Fichu mur

Ya des fois où Facebook est quand même sacrément violent dans sa façon de mettre en avant certaines informations…

Facebook me l’a rappelé ce matin, le 4 juin, c’est l’anniversaire de Virginie. Nini. Virginie, c’est une jeune fille que j’ai rencontré pendant ma « période de folie », celle où j’écumais les sites de rencontres. Au milieu de ces rencontres souvent assez dépitantes, Nini était sortie du lot, par son histoire, son humour, ses taquineries. Pas vraiment d’affinités ou de vision commune, mais des conversations souvent marrantes, qui restaient à distance, puisqu’elle avait la drôle d’idée d’habiter à l’autre bout de la France. Quelque part, cela donnait un côté assez décalé à nos échanges, vu qu’il était assez improbable qu’on se rencontre un jour.

Et puis un soir, sur un coup de tête, elle me sort « et si je débarquais chez toi ? ». Banco. On va sur le site de la SNCF, elle prend un billet pour un périple de 10h (!) de train quelques jours plus tard, et… voilà.

Sur le trajet, elle m’envoie plusieurs SMS inquiets « tu déconnes pas, tu me plantes pas hein, je vais pas faire tout ce trajet pour rien ! ». J’étais bien là, à l’heure dite, sur le quai de la gare. On s’est trouvé du regard, sans trop savoir comment réagir ni quoi faire. On a fini par se tomber dans les bras l’un de l’autre, et à s’embrasser fougueusement sans même avoir entendu le son de nos voix.

Ce n’était pas de l’amour. Pas de coup de foudre ou de coup de coeur, ni…. rien de très descriptible. On savait que ça serait un week-end exceptionnel, car difficile à refaire, et pourtant on ne voyait pas ça comme une aventure non plus. C’était… juste un moment hors du temps qu’on s’était accordé.

Nini est restée le week-end chez moi. On riait beaucoup, on baladait ma boule de poils du moment, on bavardait de tout, de rien. On parlait de nos conquêtes respectives comme deux potes se racontant leurs exploits. On fît l’amour, presque par accident, à l’image de cette rencontre. Pas de l’amour, pas du cul, juste une petite bulle hors de la réalité, sans besoin de mettre un mot dessus. Peu importait finalement, on avait réussi notre coup de faire la nique à la réalité et à voler ce WE, comme des garnements.

Quand notre premier regard se transforma en dernière étreinte, toujours sur le même quai de gare, on savait tous les deux qu’on ne se reverrait pas. Pas de rupture puisqu’on n’a jamais mis de mot sur « ça ». De la même manière qu’on n’avait jamais parlé de comment se passerait ce weekend, on n’avait jamais évoqué comment il se terminerait. Juste une bulle qui s’effaçait.

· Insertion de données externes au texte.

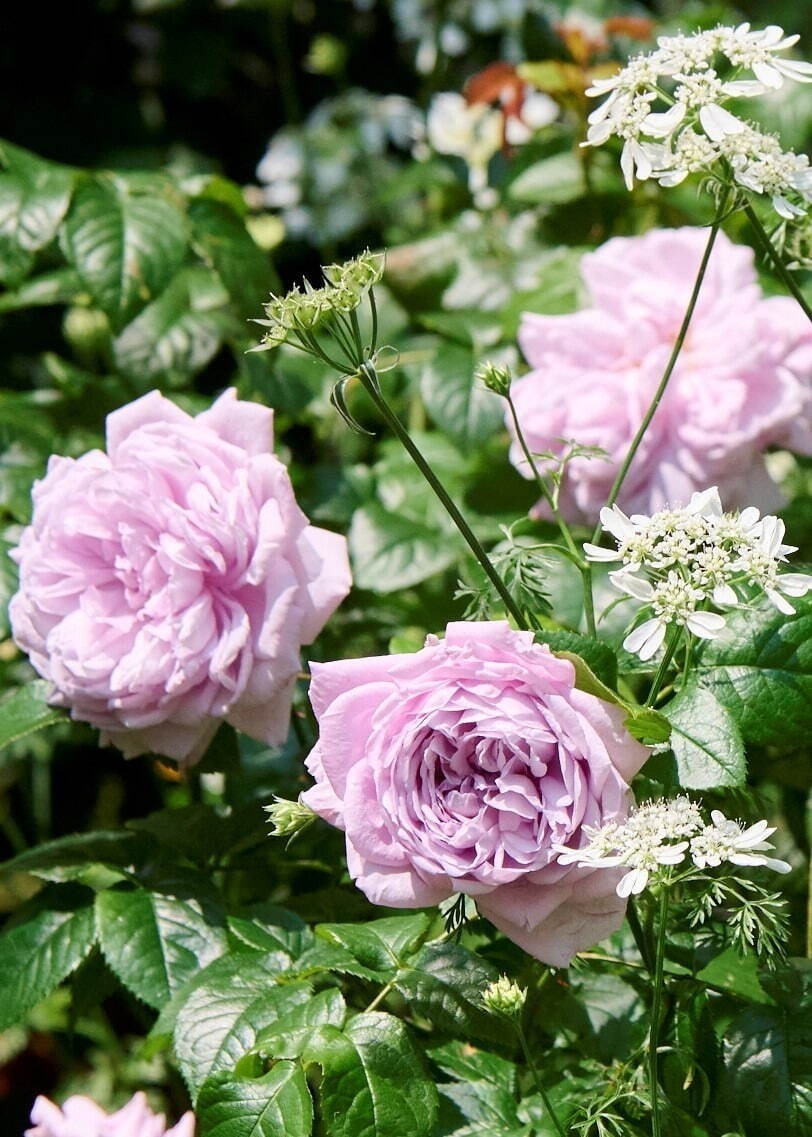 【全国の花見イベント2023】東京＆観光地のおすすめ公園など、桜の名所～フラワーガーデンまで｜写真10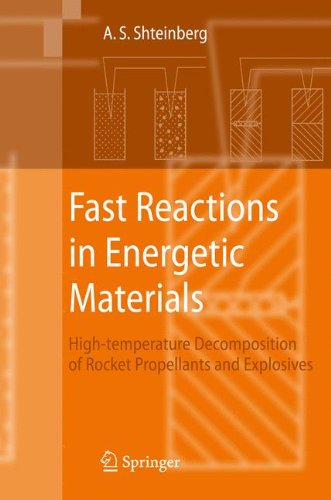 Fast Reactions In Energetic Materials 1st Edition Alexander S Shteinberg
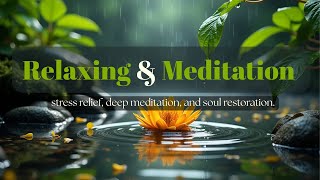 2 Hours Silent Bamboo Courtyard 🌿 | Bamboo Water Drop ASMR for Sleep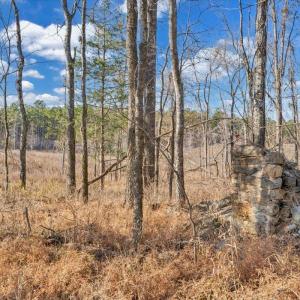 Photo #68 of 5050 Falkland Road, Scottsburg, VA 159.2 acres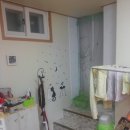 강동초교 이미지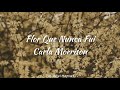 Carla Morrison | Flor que nunca fuí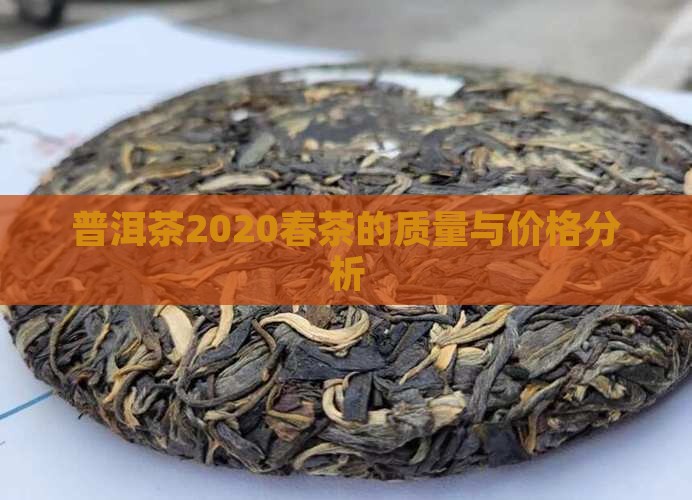 普洱茶2020春茶的质量 普洱茶2020春茶的质量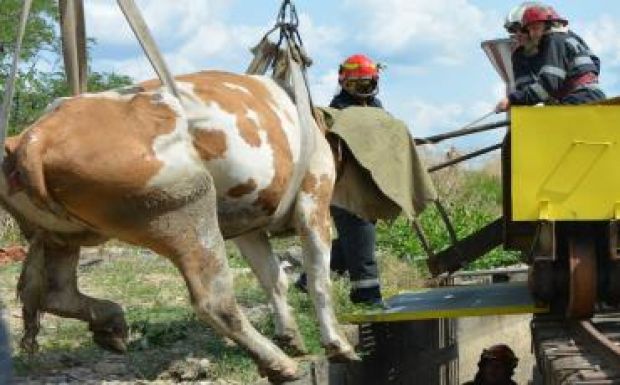 Rendhagyó mentőakciót hajtottak végre a tűzoltók Nagyváradon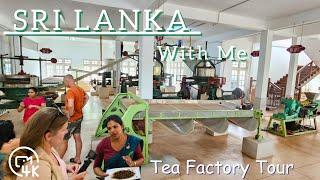 FREE Tea Factory Guided Tour Giragama Tea Factory Kandy  Sri Lanka | Sri Lanka with me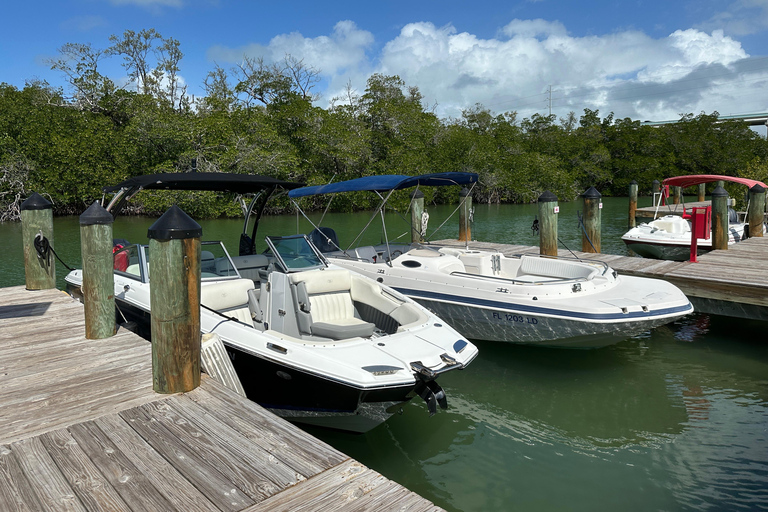 Key Largo: Florida Keys Sunset Cruise with Wildlife Spotting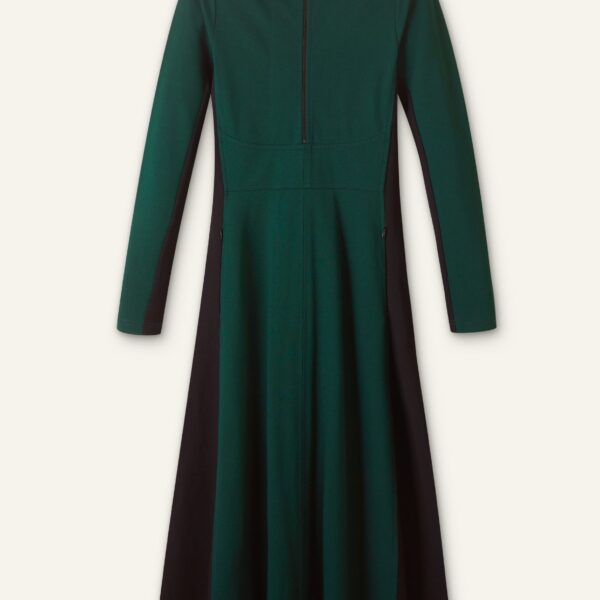 Travel Tailoring Color Block Maxi Dress - Image 6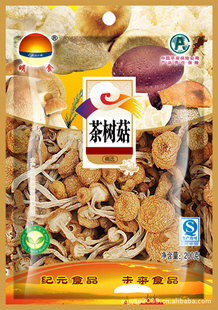 ڼнɻɡۿɿڳ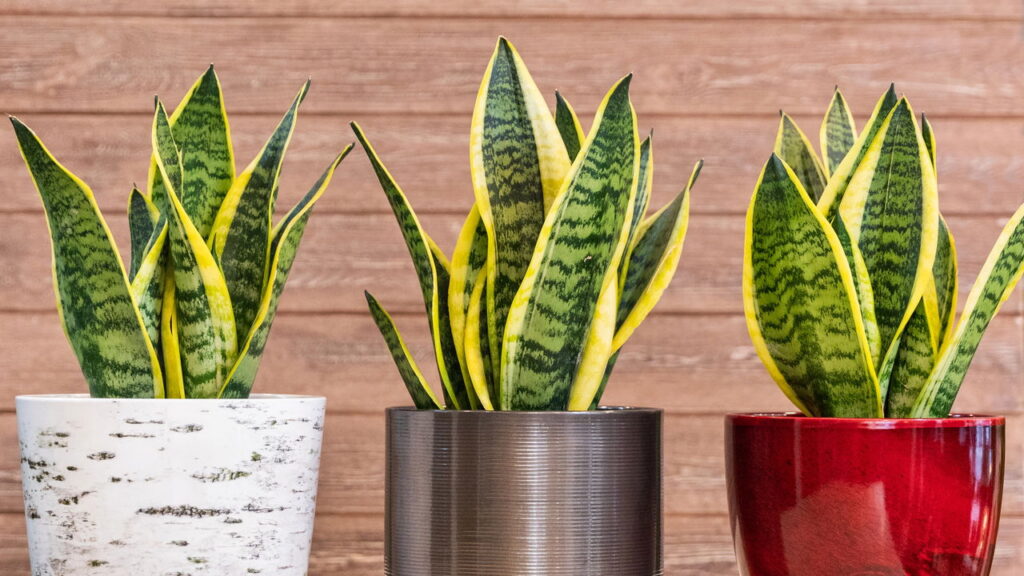 Essa planta oferece proteção, energia, purificação e mistério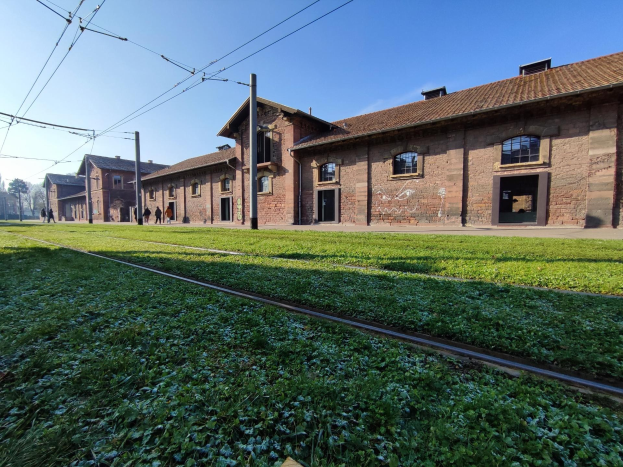 A train track runs through a grassy field beside a brick building with windows and doors, surrounded by utility poles with wires, trees, and a few people, set in the Auschwitz-Birkenau concentration camp in Poland.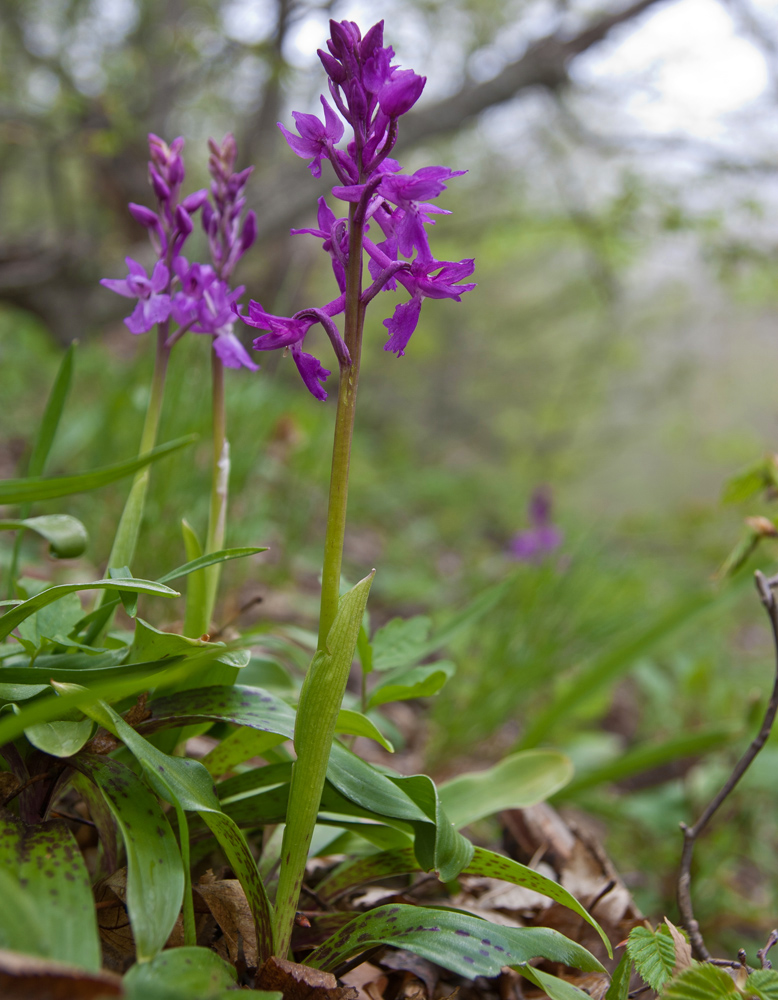 Image of Orchis mascula specimen.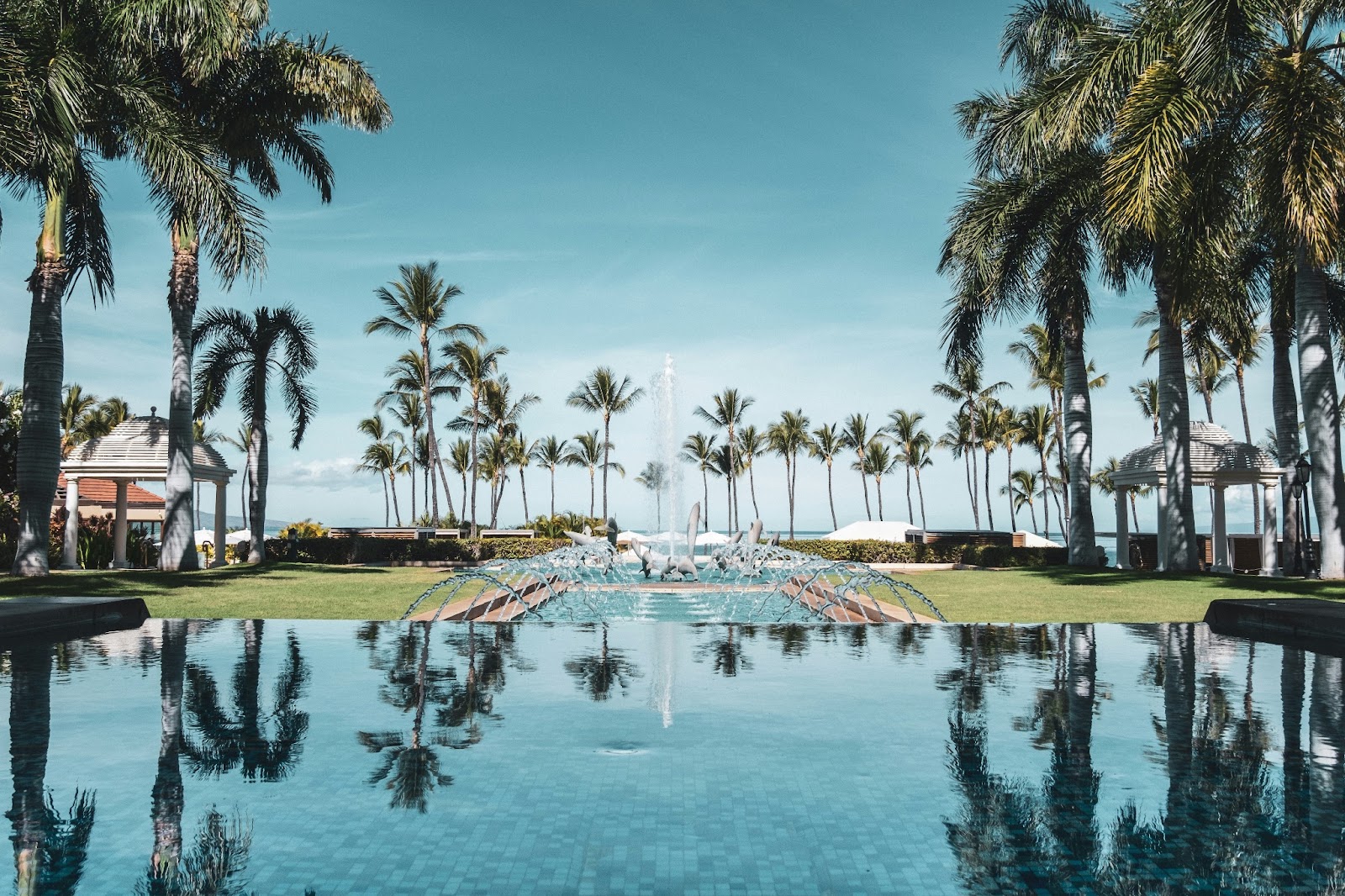  An elegant infinity pool at a five-star Wailea resort overlooking the ocean.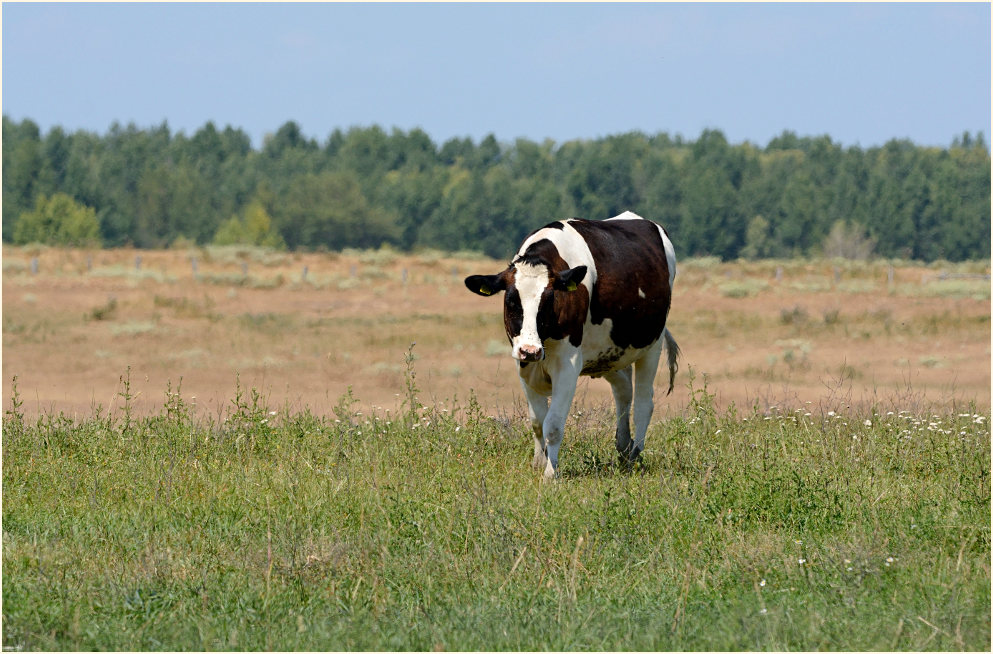 Kuh, Bislicher Insel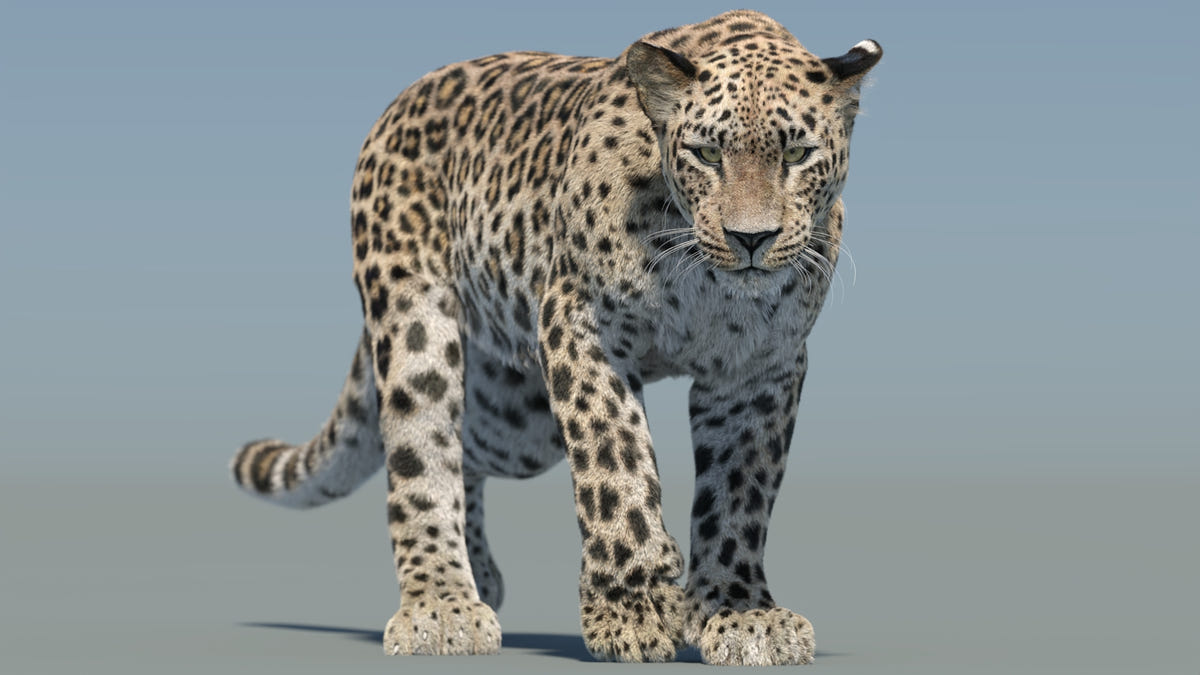Animated Persian Leopard 3D Model Fur - 360 Degree View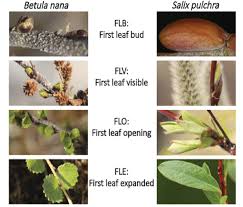 Attēlu rezultāti vaicājumam “Betula nana leaf”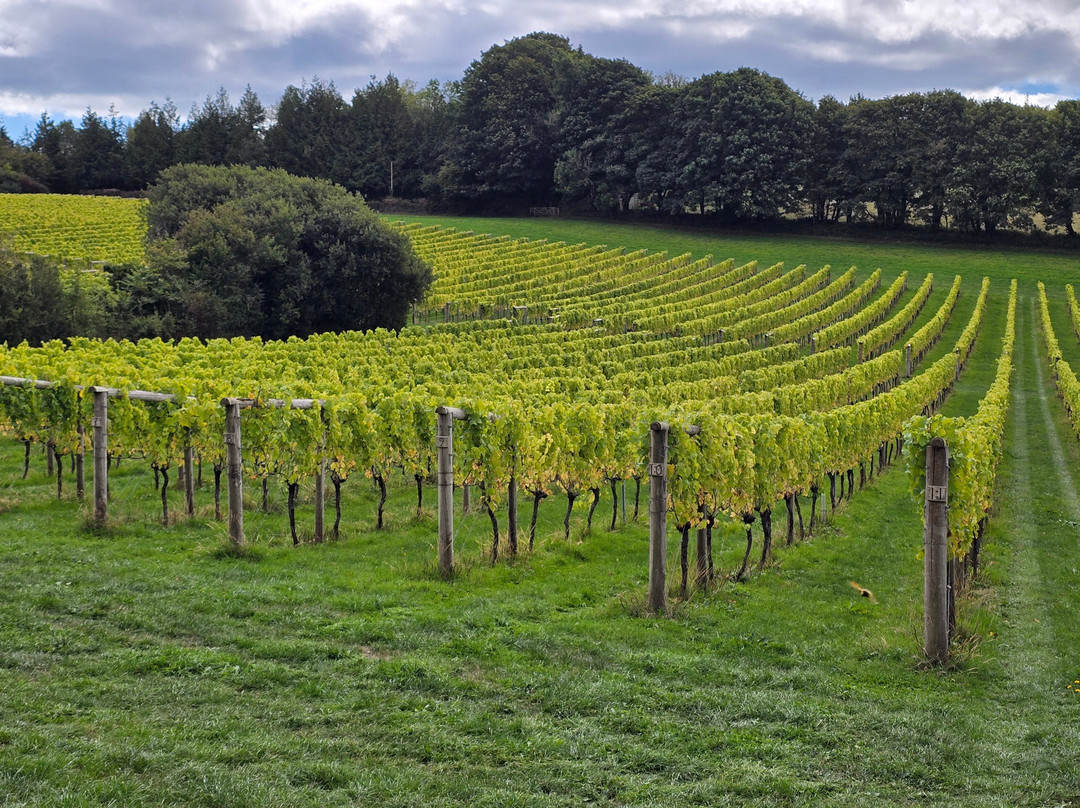 Sandridge Barton Wines-托特尼斯必去景点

Nini est restée un joli souvenir. On continuait à bavarder. Elle me racontait ses amours, son chéri qu’elle avait enfin trouvé, sa grossesse, m’envoyait des photos de ses enfants…

Nini est morte il y a maintenant 3 ans, à l’âge de 29 ans, laissant derrière elle deux adorables mômes. Je n’ai jamais su comment. Juste un mur Facebook qui s’est transformé d’un coup en cahier des souvenirs, m’apprenant ainsi la nouvelle. Des hommages, des petits mots. Je n’ai jamais osé demandé à ses proches des explications, qui n’auraient pas changé grand chose au drame de cette disparition si injuste.

Et chaque année, Facebook me rappelle le jour de l’anniversaire de Nini, jour où je pose un mot dérisoire sur ce fichu mur, comme on déposerait une fleur anonyme sur une pierre tombale. Et je garde le souvenir de ce regard espiègle sur un quai de gare, gourmand par avance du joli pied de nez qu’elle allait faire, le temps d’un week-end, à la vie.